When the hospice first switched to care pathways, it was a battle to obtain buy-in from the staff, many of whom had worked for the organization for years, McGillis recalls.
"But once they did switch to the pathways, they would never go back," she points out. "The pathways make people think more critically about what they’re doing and why they’re doing it for their patients and families."
The pathways also have taught the staff how each team member brings his or her own values to each of those outcomes and how the pathway creates a holistic model, McGillis says.

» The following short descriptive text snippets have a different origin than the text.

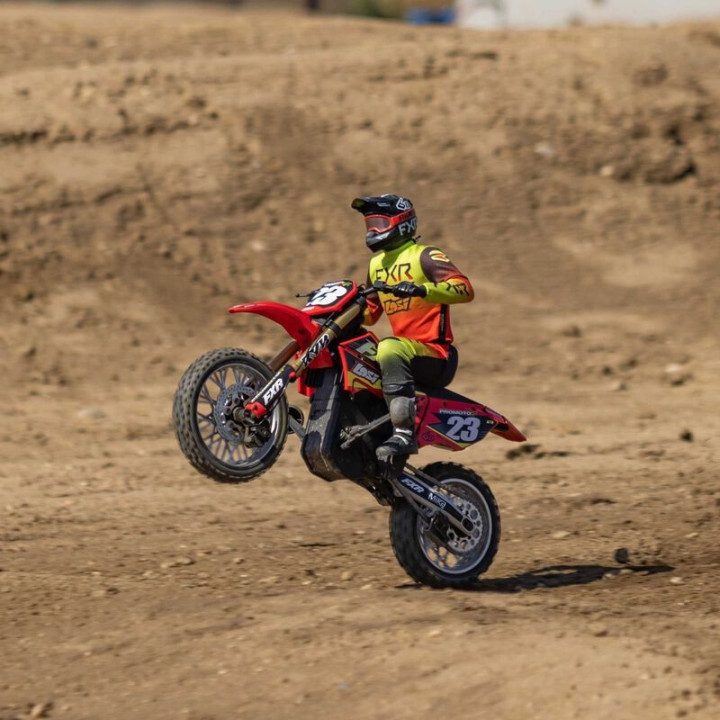 Losi Promoto-MX FXR 1/4 RC Brushless Rojo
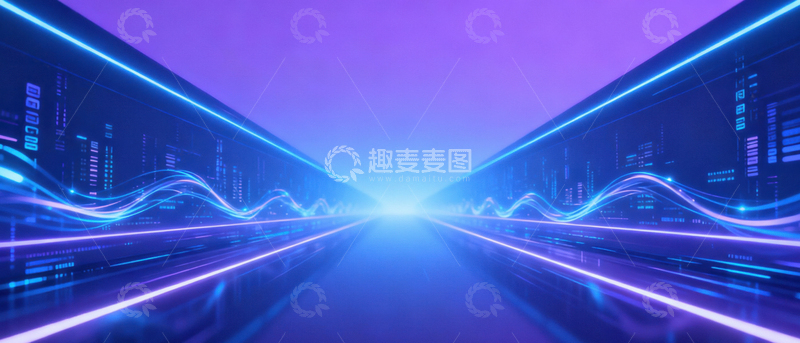 高清大图下载【趣麦麦图】主视觉KV背景_宽屏806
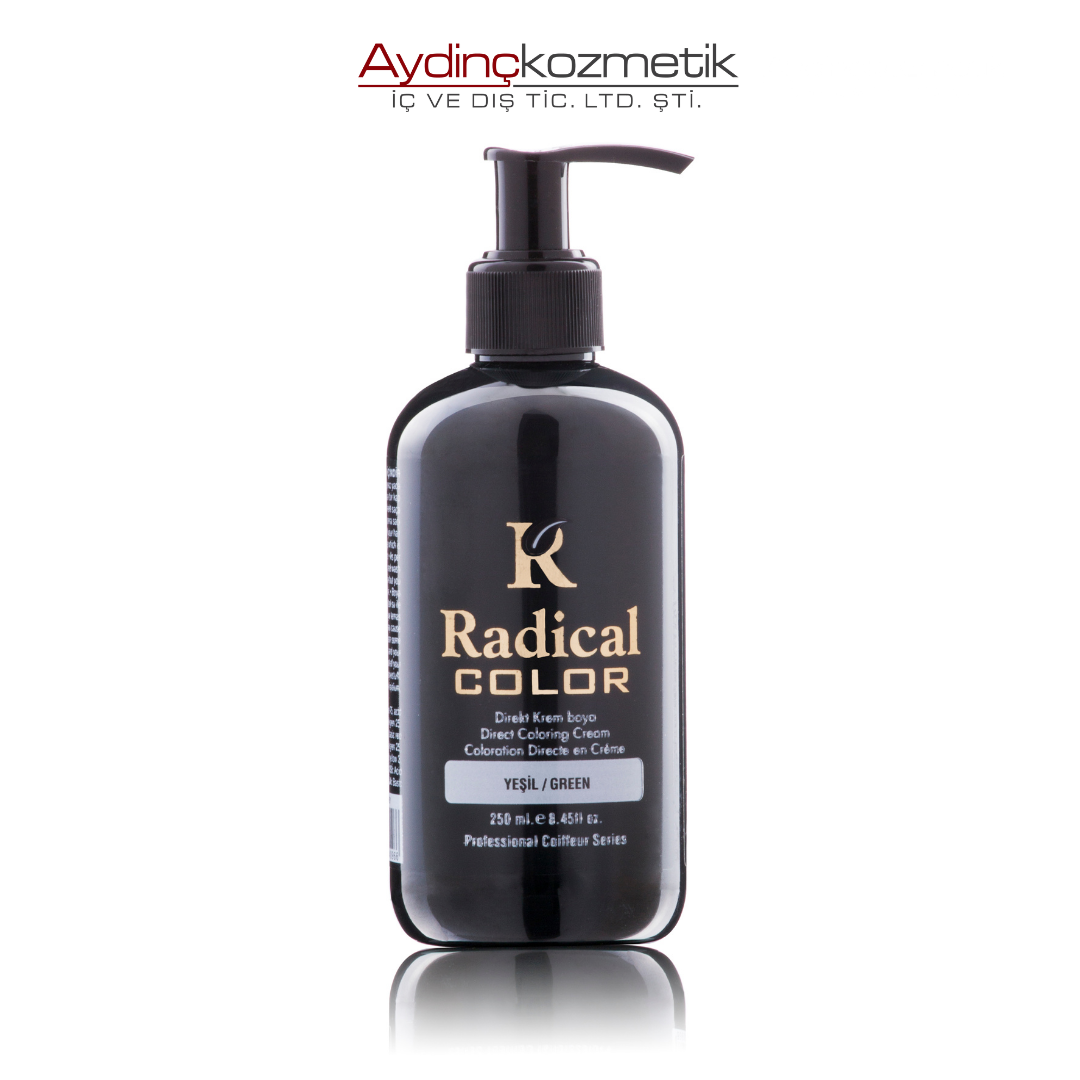 Radical Saç Boyası Yeşil 250 ml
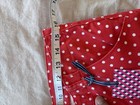 Tommy Girl Red White Polka Dots Skinny Jean Pants Twill Girls Size 11 New 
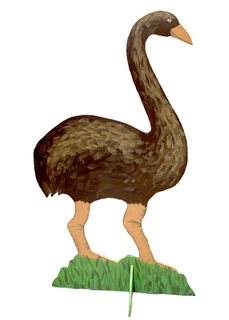 Moa Cut-out (H: 1.6m x W: 0.9m)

Although the staff now are fully on board with using the pathways, which typically are five pages long, physicians are not — so they’re given one sheet of paper that summarizes care for a patient at one point in time, McGillis notes.
"We add a narrative summary to the report for physicians," she says. "That’s what they want to look at, since the care plan is too long and arduous for them to go through and the pathway is too long."
Twice each month, the hospice staff meet with the medical director to go over all the EPOs that have been covered in the past two weeks, Patrick says.
For staff purposes, the notes they write electronically will update the pathway, making the pathway part of daily documentation, McGillis adds.
"Every note has a pathway incorporated into it, and they say whether a patient is meeting that outcome or not and why not," she explains.
"If a patient is not meeting those outcomes, then the team plans different approaches to help them meet those outcomes, and that’s called a variance," Patrick says.
From a nursing perspective, communication has improved since the pathways were incorporated, Isaacs adds.
"The team has to agree and all decide together to move patients from one phase to the next phase," she says. "We have a team meeting every week where we talk about that."